MEXICO CITY, April 16 (UPI) -- Cooperation is essential to fight the violent drug battle along the border, U.S. President Barack Obama and Mexican President Felipe Calderon said Thursday.
"You cannot fight this war with just one hand," Obama said during a joint news conference with Calderon in Mexico. "If we partner effectively, I'm confident we're going to make progress" to reduce drugs flowing north and cash and arms for cartels flowing south.
If the two countries are able to stop the flow of drugs, illicit money and guns they will improve safety and security along the border, Calderon said.
"We are cleaning our house," he added, explaining he has undertaken wholesale changes in national and local security forces, which also will help control drug-related criminal activity.
Obama said the United States is "absolutely committed" to working with Mexico, including cracking down on drug use and stemming the southbound flow of guns and cash.

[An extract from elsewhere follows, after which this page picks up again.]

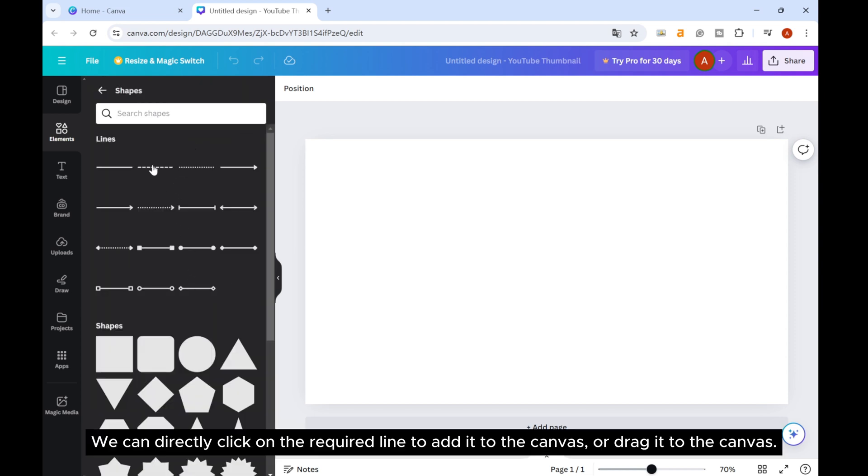We can directly click on the required line to add it to the canvas, or drag it to the canvas.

In addition the two leaders also discussed a ban on assault weapons.
"I continue to believe that we can respect the Second Amendment right in the Constitution," Obama said, "while dealing with assault weapons that we now know ... are helping to fuel violence" in Mexico and the United States.

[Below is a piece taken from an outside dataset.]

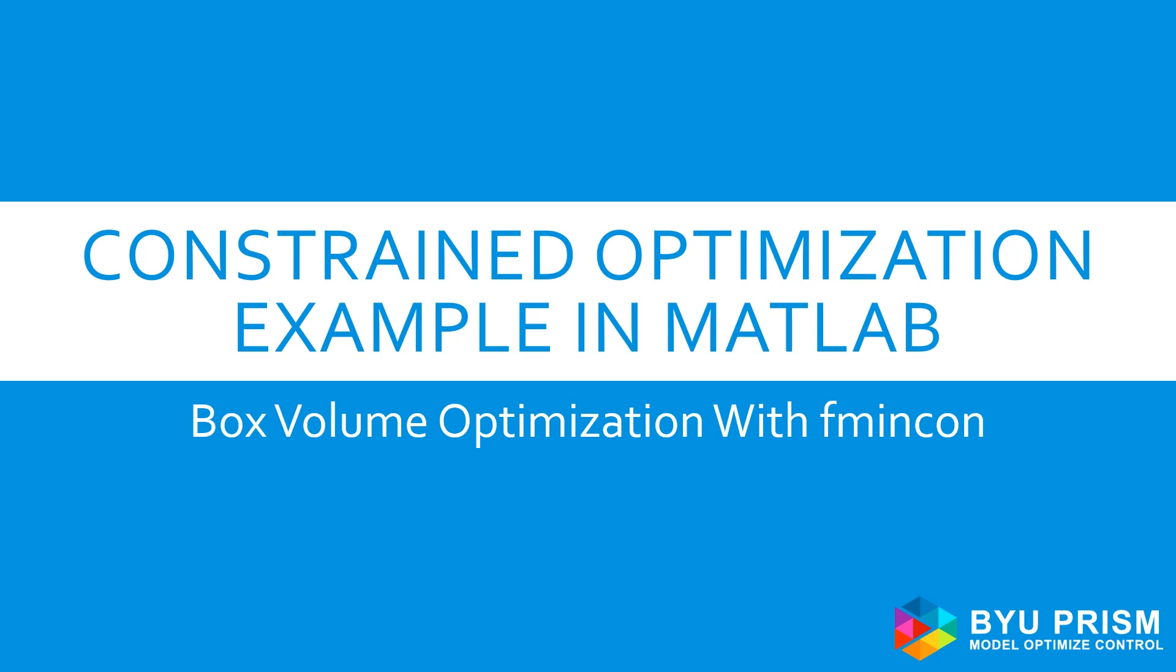Hello and welcome to Introduction to Optimization. This video shows how to perform a simple box size optimization with MATLAB using fmincon.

While recognizing that re-instating a ban wouldn't be easy, Obama said, "we can improve enforcement of existing law" under which trafficking is illegal.

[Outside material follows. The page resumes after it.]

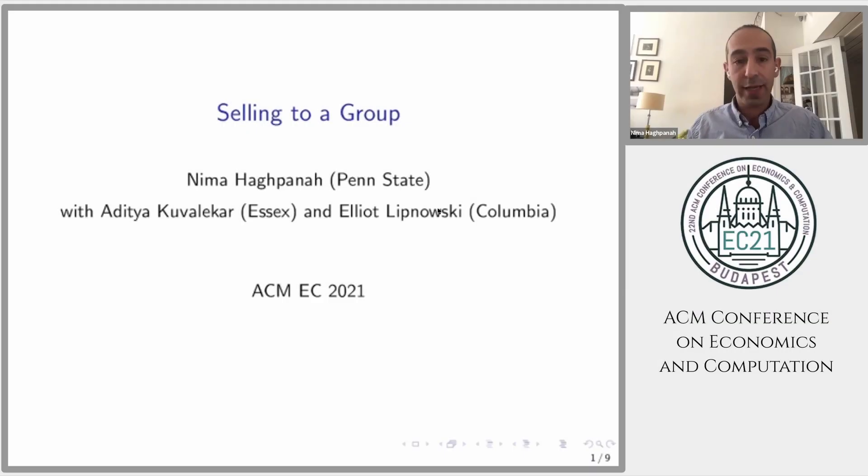Hi, this is Nima, and this is joint work with my friends Aditya and Elliot called Selling to a Group.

Calderon said 90 percent of the assault weapons recovered could be tracked to the United States.
"We know it is a politically delicate issue," Calderon said.
Obama outlined steps his administration has taken, including beefing up resources and designating three Mexican cartels under the drug kingpin act so assets can be seized. In addition, he said he would urge Congress to approve legislation that would curb small-arms trafficking.